WHAT YOU HAVE TO DO:
Each record below should be output verbatim, without pictures.

Segment Start: GIVEN ENTRIES

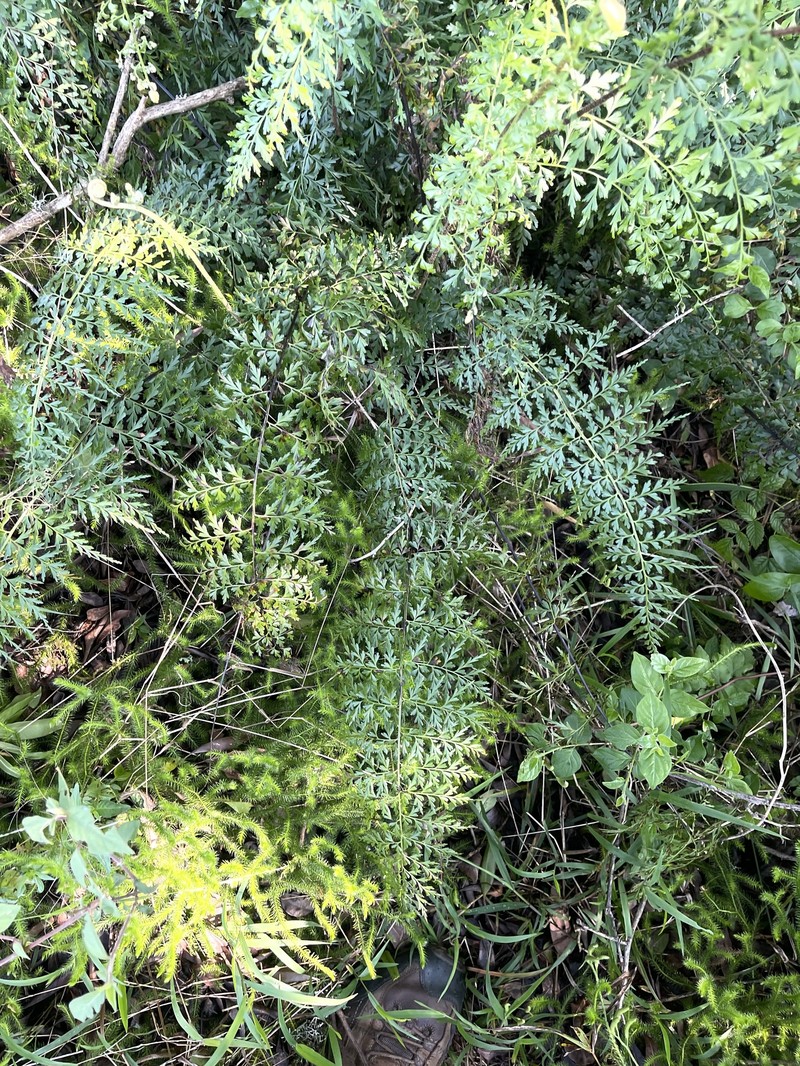 Asplenium aethiopicum subsp. tripinnatum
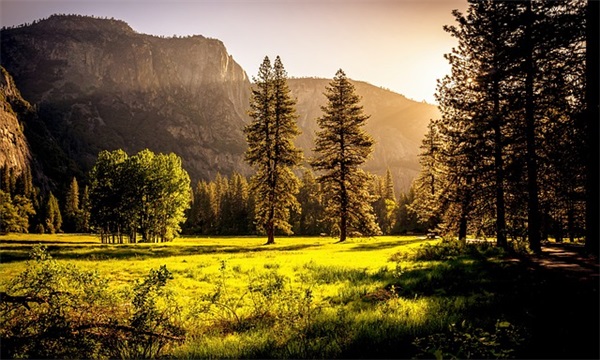 给女友的晚安短语 给女友的晚安问候短信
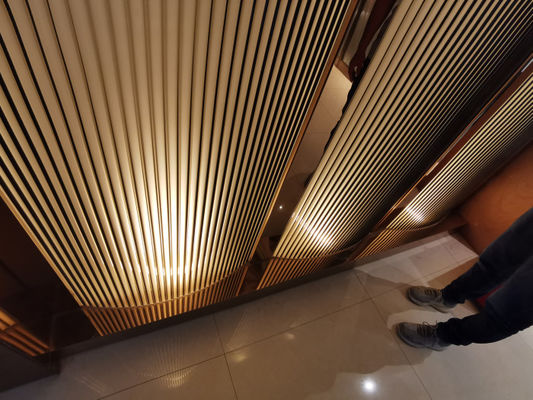 Verre 1sqm fondu décoratif rétro-éclairé dimensionnel de la cabine 3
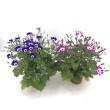 SENETTI
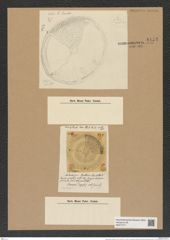 Aulacodiscus huttonii Gr. et St. (de-Toni-Nr.: Genus 182, Species 4549) Zeichnungen Sammlung Grunow Nr. 8153 (NHMW-BOT-W0377517)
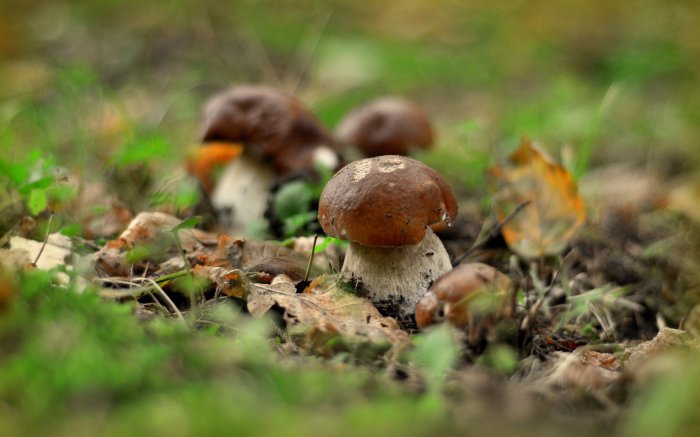 Обои на рабочий стол / WP-137 HQ Mix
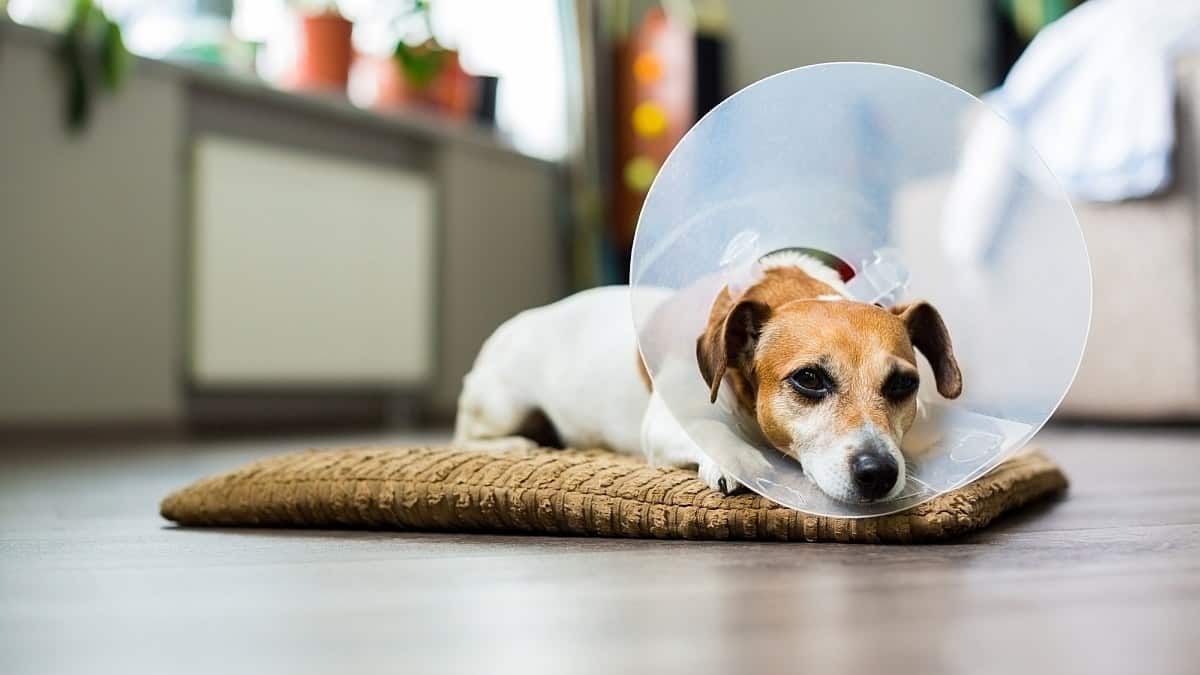 Do Dogs Change After They Are Spayed or Neutered?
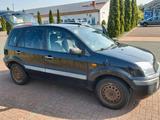 Ford Fusion 1,4 l - Ford Fusion: Van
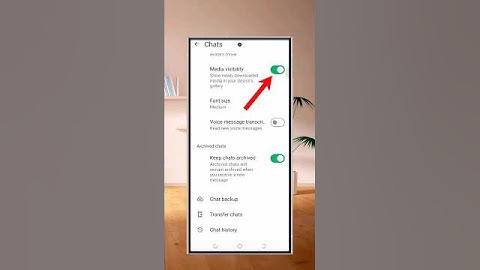 How to turn off media visibility for specific chat Whatsapp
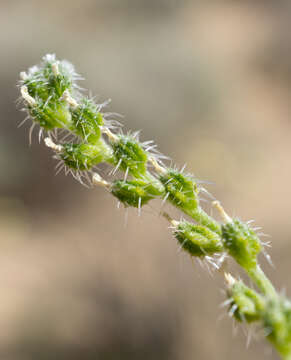 Plancia ëd Cryptantha dumetorum (Greene ex Gray) Greene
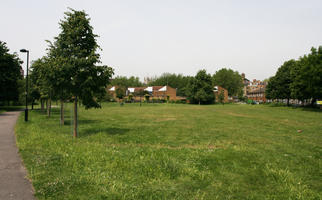 bright, broad-leaf tree, broad-leaved tree, day, direct sunlight, England, eye level view, grass, London, park, summer, sunny, The United Kingdom, treeline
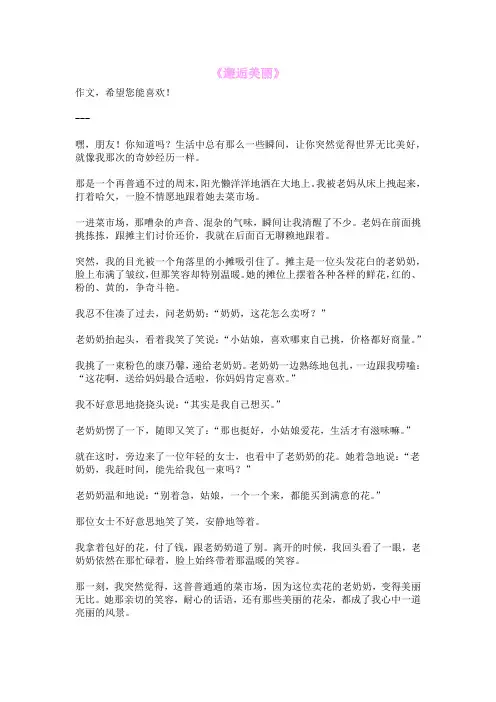 《邂逅美丽》
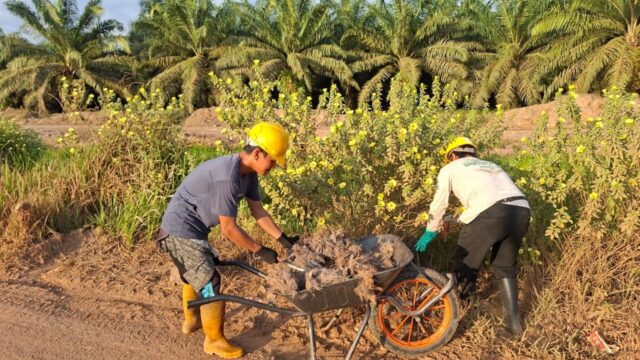 Fakta Dibalik Bunga Pukul Delapan Kebun Sawit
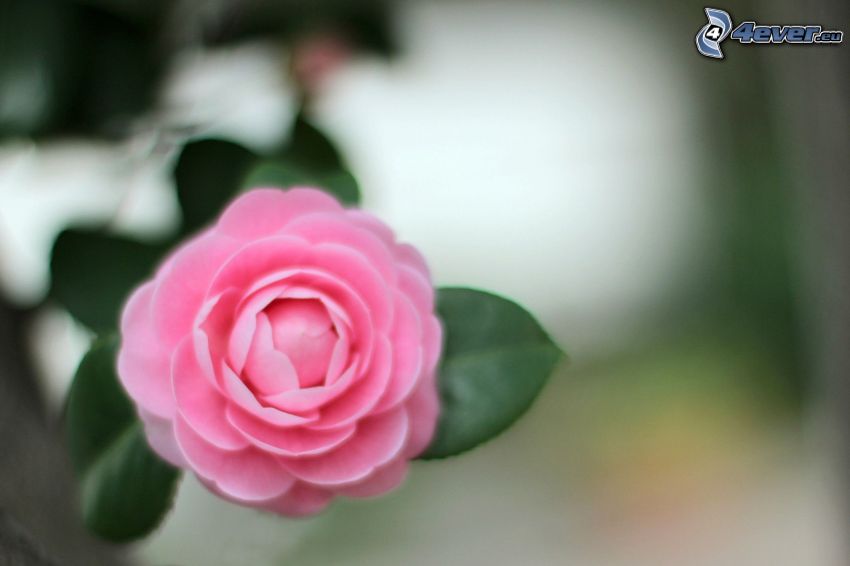 rosa blomma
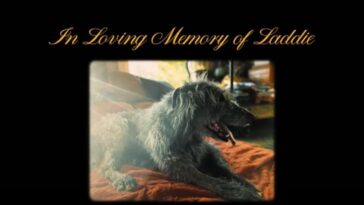 1732910631 Cascanueces ¿quien Es Laddie El Perro Al Que Rendimos Homenaje.jpg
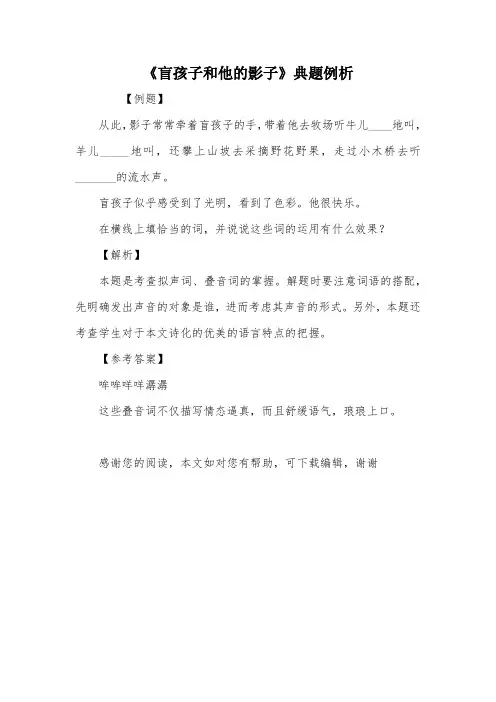 《盲孩子和他的影子》典题例析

Segment End: GIVEN ENTRIES

WRITTEN SOLUTION:
 Asplenium aethiopicum subsp. tripinnatum
 给女友的晚安短语 给女友的晚安问候短信
 Verre 1sqm fondu décoratif rétro-éclairé dimensionnel de la cabine 3
 SENETTI
 Aulacodiscus huttonii Gr. et St. (de-Toni-Nr.: Genus 182, Species 4549) Zeichnungen Sammlung Grunow Nr. 8153 (NHMW-BOT-W0377517)
 Обои на рабочий стол / WP-137 HQ Mix
 Do Dogs Change After They Are Spayed or Neutered?
 Ford Fusion 1,4 l - Ford Fusion: Van
 How to turn off media visibility for specific chat Whatsapp
 Plancia ëd Cryptantha dumetorum (Greene ex Gray) Greene
 bright, broad-leaf tree, broad-leaved tree, day, direct sunlight, England, eye level view, grass, London, park, summer, sunny, The United Kingdom, treeline
 《邂逅美丽》
 Fakta Dibalik Bunga Pukul Delapan Kebun Sawit
 rosa blomma
 1732910631 Cascanueces ¿quien Es Laddie El Perro Al Que Rendimos Homenaje.jpg
 《盲孩子和他的影子》典题例析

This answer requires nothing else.